What sorts of careers are you considering? Are you just now or soon entering university? A random thought that just crossed my mind is whether or not you enjoyed your science class and maybe if you might enjoy research and experiments? The fact that you’re able to spend months tinkering with but the cube without caving and using a tutorials makes me think you’ve got that something that conducting experiments requires...but I’m just some random guy on the internet after all so that that for what it’s worth.

qwr

Member
What sorts of careers are you considering?
to the OP he mentions the LSAT which is for law school. so attention to detail and persistence may help, but those are not specific qualities to the cube, rather good general academic qualities. from what I know about practicing law it's not experimental but does require A LOT of reading and research. funnily enough Phil Yu gave up law school to found his company.

SenorJuan

Member
My thoughts were similar to Brian's - Research, experimental science , where sitting down and thinking out a problem is part of the process. The trouble with engineering/industrial work is that people want you to come up with great ideas, but they want them immediately, or even earlier! And they want you to tell them how long it's going to take to come up with your solution, before you start.

It's noticeable there's quite an overlap between cubing and software engineering.
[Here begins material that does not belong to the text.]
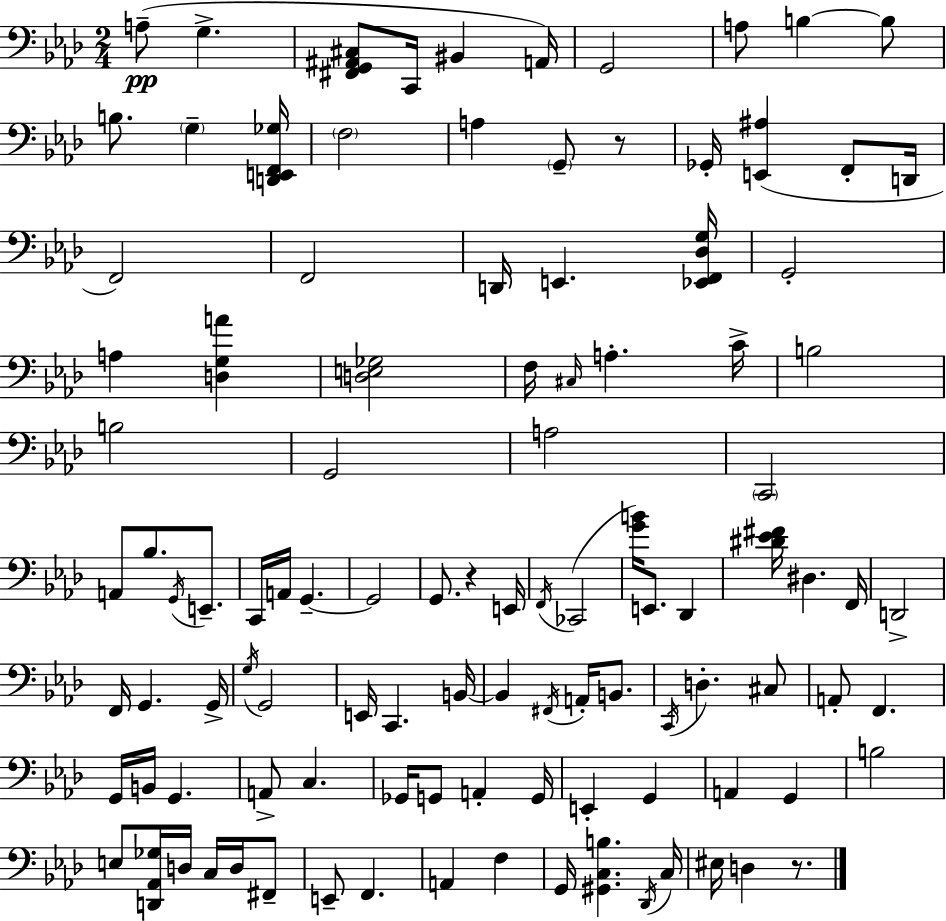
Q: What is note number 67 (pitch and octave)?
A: G2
Writing code needs thought, planning, an understanding of the problem, the ability to try things out and change them as needed to achieve a solution. And this applies to all branches of coding, from low-level embedded things like microcontrollers /Arduino's / Raspberry PI's through to high-level database software etc. Perhaps something to consider.

And back to puzzles : The Square-1 would be a good choice for your next challenge. I solved it intuitively many years ago ( 2001 ? ) using concepts borrowed from 3x3 solving, so you can definitely do it. Plus, as a shape-shifter, it has that novelty factor.